**PROBLEM REQUIREMENTS**
From the top of the entries, reproduce each line exactly, stopping after the line that contains "Digital Notebook 🖤". Omit pictures.
[[ AVAILABLE DATA open ]]
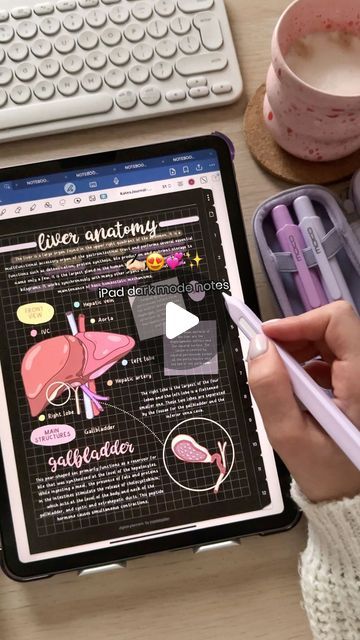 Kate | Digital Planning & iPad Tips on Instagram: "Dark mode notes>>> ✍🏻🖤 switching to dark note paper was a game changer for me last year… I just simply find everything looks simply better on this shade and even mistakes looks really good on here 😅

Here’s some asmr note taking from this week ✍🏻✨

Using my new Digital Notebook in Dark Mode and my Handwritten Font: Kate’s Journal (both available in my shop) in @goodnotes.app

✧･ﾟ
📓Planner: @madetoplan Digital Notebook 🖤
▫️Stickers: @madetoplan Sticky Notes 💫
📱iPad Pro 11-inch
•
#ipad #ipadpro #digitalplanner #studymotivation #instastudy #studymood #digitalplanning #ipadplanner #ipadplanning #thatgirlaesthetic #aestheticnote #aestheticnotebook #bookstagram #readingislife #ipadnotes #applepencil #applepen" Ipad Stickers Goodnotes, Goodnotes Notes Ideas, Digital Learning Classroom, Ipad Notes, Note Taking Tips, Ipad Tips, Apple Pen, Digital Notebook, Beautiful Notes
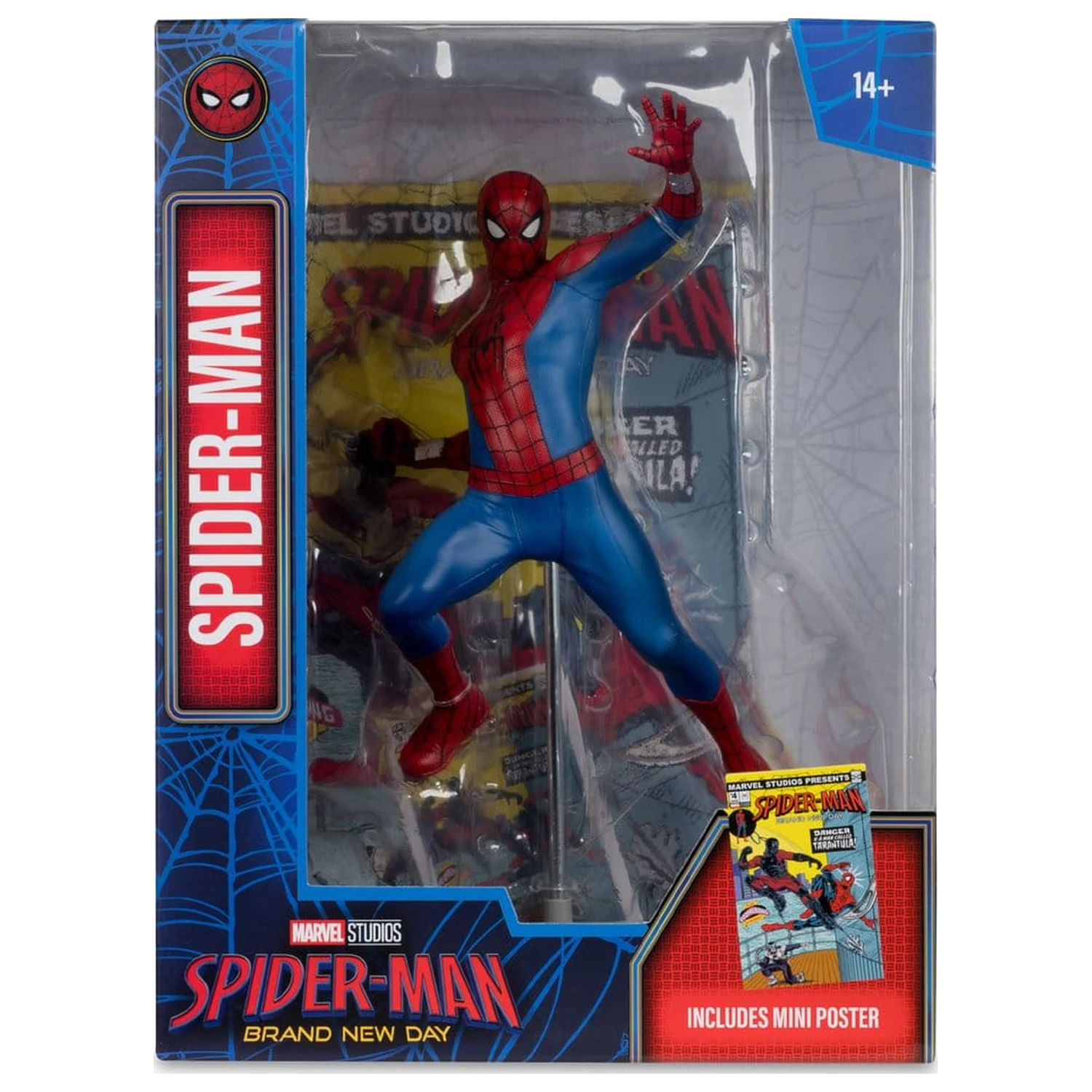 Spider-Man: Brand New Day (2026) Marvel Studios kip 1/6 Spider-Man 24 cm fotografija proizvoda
[[ AVAILABLE DATA closed ]]
**WRITTEN RESPONSE**
 Kate | Digital Planning & iPad Tips on Instagram: "Dark mode notes>>> ✍🏻🖤 switching to dark note paper was a game changer for me last year… I just simply find everything looks simply better on this shade and even mistakes looks really good on here 😅

Here’s some asmr note taking from this week ✍🏻✨

Using my new Digital Notebook in Dark Mode and my Handwritten Font: Kate’s Journal (both available in my shop) in @goodnotes.app

✧･ﾟ
📓Planner: @madetoplan Digital Notebook 🖤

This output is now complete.